= Work request =
Your reply should contain the whole listing below, repeated exactly, and no images.

= Collected data =

↓

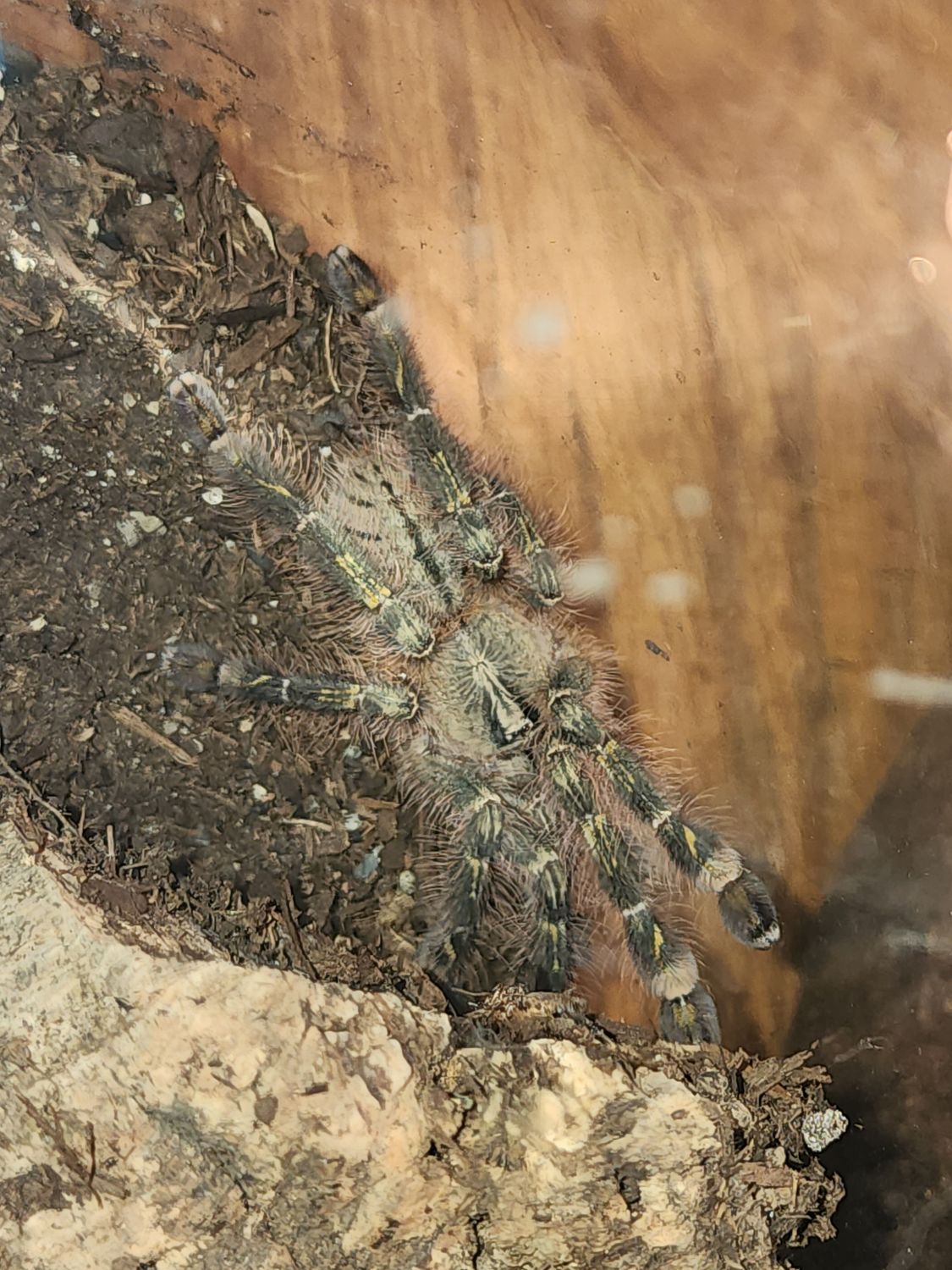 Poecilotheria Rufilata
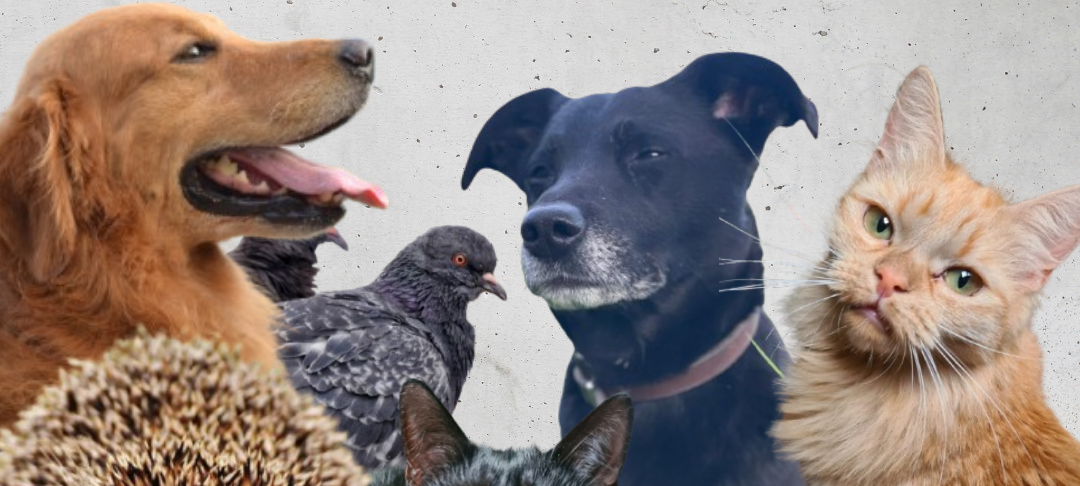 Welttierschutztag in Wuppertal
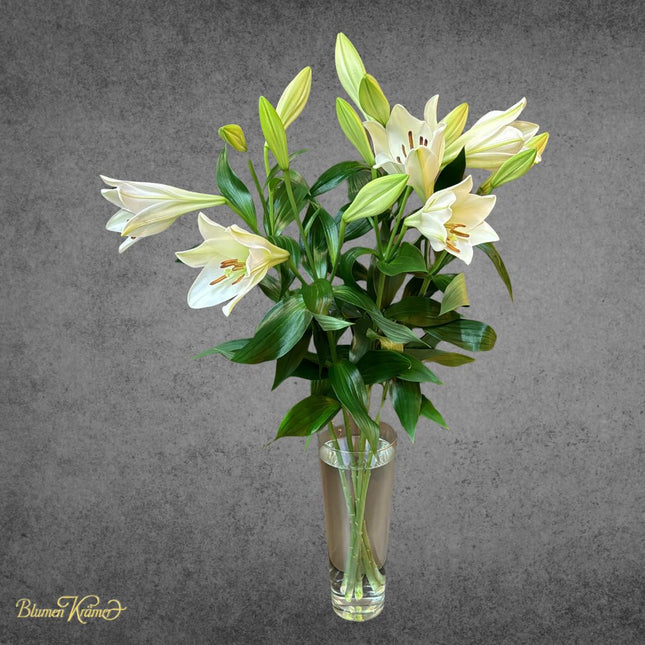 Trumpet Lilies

↑

= Answer to the exercise =
 Poecilotheria Rufilata
 Welttierschutztag in Wuppertal
 Trumpet Lilies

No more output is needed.